Manger bio, un état d’esprit ?

Manger bio, c’est vivre bio

 

De ceux qui arguent que le bio est trop cher, pas assez fiable, de mauvaise qualité, à ceux qui ne voient tout simplement pas l’utilité d’une telle démarche, les détraqueurs sont nombreux. Pourtant, adopter une alimentation biologique n’est pas un choix anodin. Plus qu’une lubie alimentaire, c’est une véritable façon de concevoir la vie.

La nourriture n’est que le premier des engagements auxquels souhaite se conformer celui qui prend ce chemin. Notre façon de manger résulte en grande partie de notre éducation et remettre en question ces acquis peut être plus difficile qu’il n’y parait. Le bio tel qu’il existe aujourd’hui trouvait son équivalent il y a 50 ans dans les jardins de nos grands-mères. Les pesticides intensifs, la production de masse n’ont fait leur apparition que récemment, pour répondre à une demande particulière suite à des années de rationnement.

Aujourd’hui, qu’en est-il de ce besoin ?

La nourriture présente à profusion échoue trop souvent dans les poubelles. L’acheteur bio, en choisissant de donner son argent à des coopératives, à des producteurs respectueux de l’environnement, s’élève contre cette idée.

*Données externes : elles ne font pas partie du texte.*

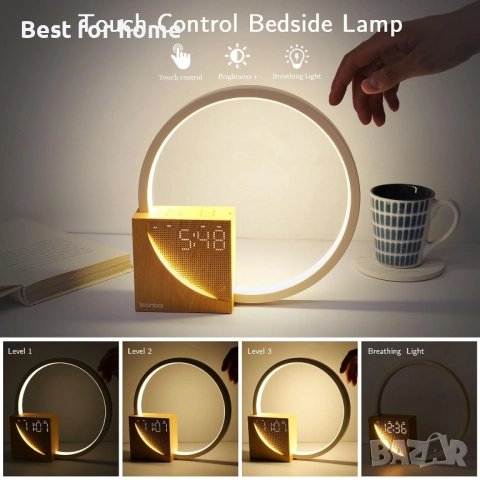 Нощна, LED , сензорна лампа за събуждане с 10 звуци, 2 будилника, 3 нива на яркост, снимка 4 - Настолни лампи - 51472668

Il remet en question la production à la chaîne de produits périssables en trop grande quantité. Il interroge sur l’élevage des animaux, les médicaments qui leur sont administrés et finissent dans notre organisme, les conditions épouvantables qui encadrent leur courte vie.

Au-delà des valeurs écologiques, la nourriture biologique s’oppose à la gastronomie traditionnelle en offrant un panel plus large d’aliments, notamment concernant les graines, légumineuses, protéines végétales, laits végétaux. Le consommateur bio s’intéresse aussi à la diététique et tente par exemple de remplacer le lait de vache par des laits d’amande ou de riz, les matières grasses animales par des huiles de première pression à froid. Ces produits, boycottés par l’industrie conventionnelle qui préfère se rabattre sur des aliments bon marché, se retrouvent essentiellement en magasin spécialisé. Ainsi, nombre de consommateurs préfèrent se rendre directement chez les producteurs, ou dans les enseignes exclusivement biologiques, où ils savent qu’ils achètent des produits aux normes strictes tant sur la qualité que sur les conditions de production. Il ne s’agit pas seulement de nourriture, mais aussi de refuser les mécanismes qui engendrent la destruction de notre humanité.

 

Parce qu’il réfléchit à sa consommation, l’acheteur bio en vient à réfléchir à d’autres aspects de sa vie. S’opposer à l’individualisme ambiant et recréer une communauté humaine respectueuse et innovante, voilà ce que pourrait être son credo.